Con la sentenza di primo grado e le maxi condanne dei presunti responsabili, sembrava ormai una verità "acquisita" quella dello scempio ambientale provocato dalla camorra casalese, in combutta con imprenditori collusi e funzionari pubblici corrotti, ma la decisione dei giudici potrebbe metterla in discussione
Poco meno di due anni fa l’Istituto superiore di Sanità aveva certificato che nella Terra dei Fuochi ci si ammala e si muore di più per diverse patologie collegate in qualche modo allo smaltimento illegale dei rifiuti. Pochi mesi dopo, a luglio, con la sentenza di primo grado e le maxi condanne dei presunti responsabili, sembrava ormai una verità “acquisita” quella dello scempio ambientale provocato dalla camorra casalese, in combutta con imprenditori collusi e funzionari pubblici corrotti, nei comuni di Giugliano in Campania (Napoli) e Parete (Caserta) mediante lo smaltimento incontrollato e illegale in grosse discariche come la Resit di rifiuti urbani e tossici, spesso provenienti dal Nord. Oggi però – come riporta l’Ansa – tutto potrebbe essere messo in discussione, in quanto al processo d’appello in corso a Napoli, la Corte d’Assise ha accolto le richieste dei difensori di alcuni imputati, cui la Procura generale non si è opposta, disponendo una nuova perizia che dovrà accertare se siano effettivamente inquinati i suoli sottostanti alla maxi-discarica ubicata a cavallo tra le province di Caserta e Napoli.
In primo grado la corte d’Assise non aveva mai disposto una propria perizia, affidandosi invece alla numerose consulenze di parte depositate dal pm Alessandro Milita (oggi Procuratore Aggiunto a Santa Maria Capua Vetere) e dalla difesa degli imputati; le prime attestavano la contaminazione di suoli e delle falde acquifere mettendola in relazione con la mancanza di coibentazione delle pareti della discarica, cosa che negli anni avrebbe provocato l’infiltrazione nel terreno di liquidi tossici prodotti dai rifiuti, come il percolato; le consulenze difensive raggiungevano chiaramente risultati opposti, e tutte affermavano che non c’erano elementi certi per provare l’inquinamento dei terreni.
In primo grado però il tribunale partenopeo accolse l’ipotesi accusatoria, condannando il principale protagonista dello scempio, l’avvocato Cipriano Chianese, ritenuto l’inventore delle ecomafie per conto del clan dei Casalesi, a venti anni di reclusione per disastro ambientale e traffico illecito di rifiuti con l’aggravante mafiosa; con Chianese fu condannato a 5 anni e sei mesi di carcere anche l’ex sub-commissario per l’Emergenza Rifiuti Giulio Facchi, stretto collaboratore di Bassolino, per il quale il pm aveva chiesto 30 anni di carcere.

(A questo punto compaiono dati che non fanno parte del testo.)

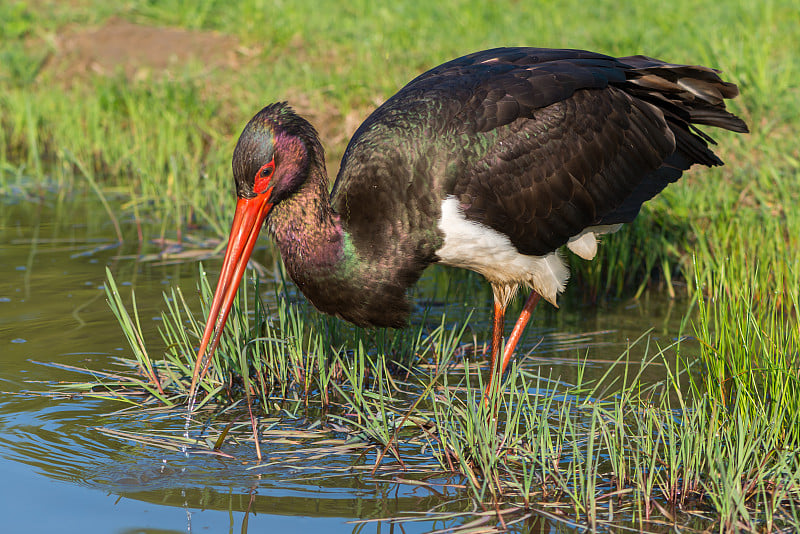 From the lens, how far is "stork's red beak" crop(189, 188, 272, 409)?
354 centimetres

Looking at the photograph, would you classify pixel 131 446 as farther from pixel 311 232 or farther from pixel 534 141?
pixel 534 141

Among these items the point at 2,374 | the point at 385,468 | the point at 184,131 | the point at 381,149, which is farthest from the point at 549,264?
the point at 184,131

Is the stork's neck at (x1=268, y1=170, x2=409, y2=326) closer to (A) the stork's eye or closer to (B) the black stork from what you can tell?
(B) the black stork

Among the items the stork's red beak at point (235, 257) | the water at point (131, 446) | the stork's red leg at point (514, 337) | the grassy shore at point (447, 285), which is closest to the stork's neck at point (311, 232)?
the stork's red beak at point (235, 257)

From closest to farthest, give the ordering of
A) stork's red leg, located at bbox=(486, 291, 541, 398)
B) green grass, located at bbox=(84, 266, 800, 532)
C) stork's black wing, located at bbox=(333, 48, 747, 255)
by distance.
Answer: green grass, located at bbox=(84, 266, 800, 532), stork's black wing, located at bbox=(333, 48, 747, 255), stork's red leg, located at bbox=(486, 291, 541, 398)

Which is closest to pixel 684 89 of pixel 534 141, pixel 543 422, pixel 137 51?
pixel 534 141

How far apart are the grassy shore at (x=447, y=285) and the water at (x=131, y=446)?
0.59ft

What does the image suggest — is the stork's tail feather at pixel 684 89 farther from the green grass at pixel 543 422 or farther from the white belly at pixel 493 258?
the green grass at pixel 543 422

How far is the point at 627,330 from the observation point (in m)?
5.02

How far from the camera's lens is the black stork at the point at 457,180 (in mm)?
3678

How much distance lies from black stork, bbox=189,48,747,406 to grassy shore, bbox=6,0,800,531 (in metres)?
0.36

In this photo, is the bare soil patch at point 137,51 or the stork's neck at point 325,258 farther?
the bare soil patch at point 137,51

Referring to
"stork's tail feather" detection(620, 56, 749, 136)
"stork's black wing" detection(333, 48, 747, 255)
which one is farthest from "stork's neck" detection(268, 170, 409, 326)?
"stork's tail feather" detection(620, 56, 749, 136)

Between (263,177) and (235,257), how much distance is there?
0.30m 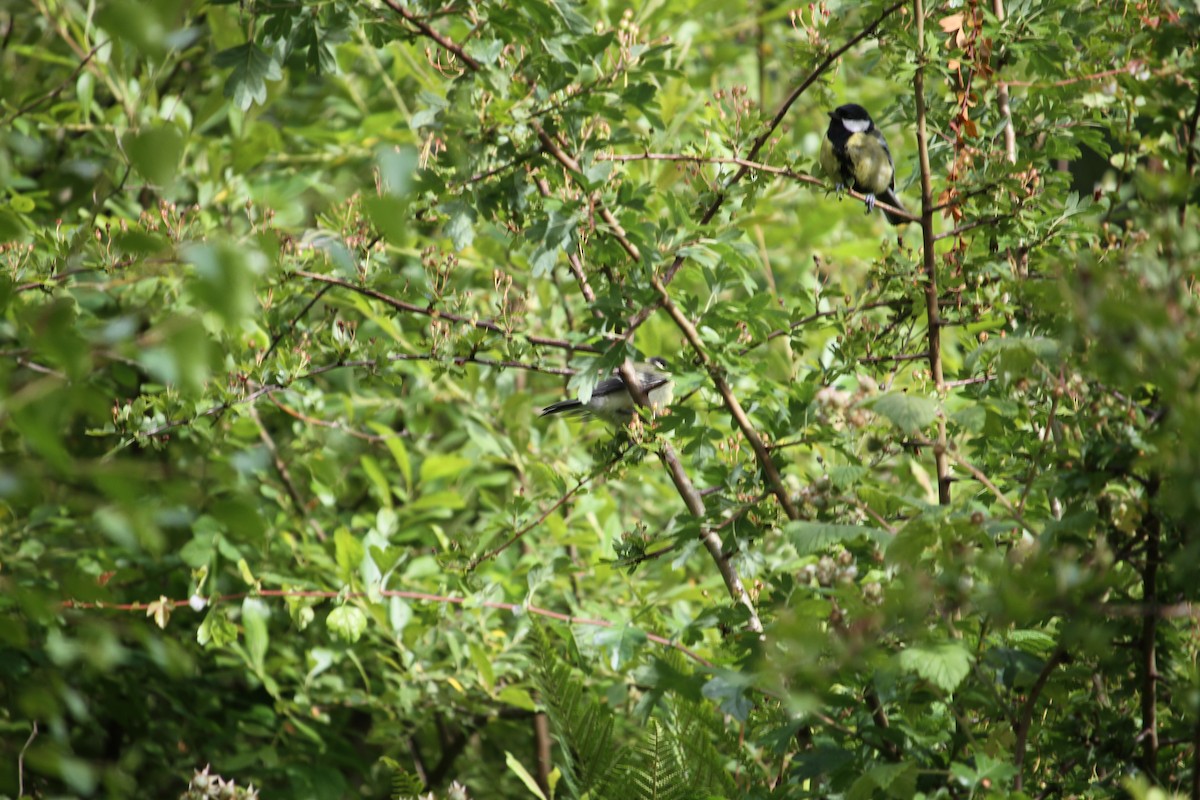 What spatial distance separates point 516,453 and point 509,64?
1.42 meters

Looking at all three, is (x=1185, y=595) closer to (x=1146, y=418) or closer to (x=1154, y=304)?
(x=1146, y=418)

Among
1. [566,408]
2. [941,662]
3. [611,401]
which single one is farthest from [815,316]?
[611,401]

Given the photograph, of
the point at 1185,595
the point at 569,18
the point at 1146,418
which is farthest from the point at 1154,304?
the point at 569,18

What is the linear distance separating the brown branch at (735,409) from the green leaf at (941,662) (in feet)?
1.50

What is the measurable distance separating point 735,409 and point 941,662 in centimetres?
73

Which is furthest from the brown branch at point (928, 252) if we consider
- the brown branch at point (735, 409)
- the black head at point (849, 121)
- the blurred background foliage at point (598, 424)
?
the black head at point (849, 121)

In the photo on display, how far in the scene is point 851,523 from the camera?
1581mm

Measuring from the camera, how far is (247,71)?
2.00m

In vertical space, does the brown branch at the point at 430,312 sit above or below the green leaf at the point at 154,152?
below

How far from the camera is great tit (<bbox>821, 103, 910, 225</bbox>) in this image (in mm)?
2691

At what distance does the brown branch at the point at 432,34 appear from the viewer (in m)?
1.86

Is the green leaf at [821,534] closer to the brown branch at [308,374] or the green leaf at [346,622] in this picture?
the brown branch at [308,374]

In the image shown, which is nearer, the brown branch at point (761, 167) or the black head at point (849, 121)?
the brown branch at point (761, 167)

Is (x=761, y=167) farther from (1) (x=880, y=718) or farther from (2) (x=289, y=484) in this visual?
(2) (x=289, y=484)
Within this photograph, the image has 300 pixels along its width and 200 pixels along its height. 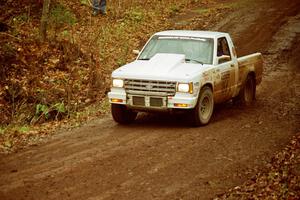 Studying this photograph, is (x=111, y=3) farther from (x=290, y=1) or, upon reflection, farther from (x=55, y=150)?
(x=55, y=150)

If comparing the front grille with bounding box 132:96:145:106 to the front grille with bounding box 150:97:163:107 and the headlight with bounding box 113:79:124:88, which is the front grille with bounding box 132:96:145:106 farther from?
the headlight with bounding box 113:79:124:88

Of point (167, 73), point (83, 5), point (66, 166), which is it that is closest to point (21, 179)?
point (66, 166)

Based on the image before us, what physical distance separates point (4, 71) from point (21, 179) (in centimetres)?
715

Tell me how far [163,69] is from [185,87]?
2.11 ft

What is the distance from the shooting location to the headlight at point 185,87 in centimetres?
1025

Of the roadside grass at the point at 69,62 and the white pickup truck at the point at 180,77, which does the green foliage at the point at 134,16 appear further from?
the white pickup truck at the point at 180,77

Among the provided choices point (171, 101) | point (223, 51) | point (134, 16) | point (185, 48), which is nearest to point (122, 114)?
point (171, 101)

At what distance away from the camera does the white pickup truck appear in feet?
33.9

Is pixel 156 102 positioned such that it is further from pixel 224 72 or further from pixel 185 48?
Answer: pixel 224 72

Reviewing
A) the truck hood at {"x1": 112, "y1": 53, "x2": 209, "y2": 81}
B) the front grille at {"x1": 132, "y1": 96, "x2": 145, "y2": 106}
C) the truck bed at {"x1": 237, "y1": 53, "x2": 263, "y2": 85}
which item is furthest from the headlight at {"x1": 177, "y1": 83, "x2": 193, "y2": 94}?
the truck bed at {"x1": 237, "y1": 53, "x2": 263, "y2": 85}

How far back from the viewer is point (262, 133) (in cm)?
1052

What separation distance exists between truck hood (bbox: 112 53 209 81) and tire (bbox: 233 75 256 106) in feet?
7.49

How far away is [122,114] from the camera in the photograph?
1116cm

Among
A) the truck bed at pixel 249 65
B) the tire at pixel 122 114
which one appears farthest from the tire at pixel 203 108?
the truck bed at pixel 249 65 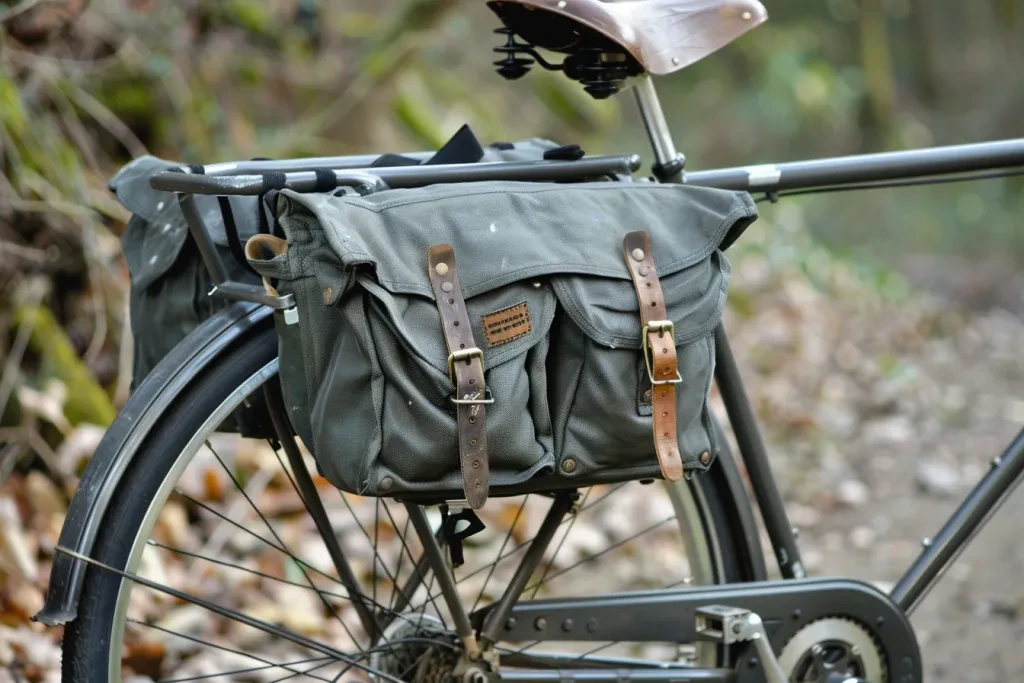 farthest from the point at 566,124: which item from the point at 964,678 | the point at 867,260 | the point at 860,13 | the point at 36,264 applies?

Condanne anche per gli imprenditori del clan attivi nel settore dei rifiuti, come Gaetano Cerci (16 anni), i fratelli Elio, Generoso e Raffaele Roma, difesi da Mario Griffo, cui sono stati inflitti pene dai cinque anni e mezzo ai sei anni.
La discarica Resit di Giugliano in Campania, emerse, oltre ad essere usata dalla camorra per i propri traffici di rifiuti tossici dal Nord al Sud, fu utilizzata anche dal Commissariato per l’Emergenza in occasione di uno dei periodi più acuti della crisi rifiuti in Campania, a metà degli anni 2000. Con la nuova perizia i magistrati giudicanti vogliono mettere un punto definitivo sulla contaminazione dei suoli, cosa necessaria per poter confermare l’ipotesi di reati del disastro ambientale; il rischio è che se non si raggiunga una prova certa, la Corte possa ribaltare il verdetto di primo grado lasciando in bianco una pagina inquietante della recente storia campana. Si torna in aula il 17 novembre prossimo per il conferimento dell’incarico peritale ai professionisti, tutti torinesi, Silvia Bonapersona (ingegnere ambientale), Cesare Rampi (chimico) e Stefano Davide Murgese (geologo ambientale).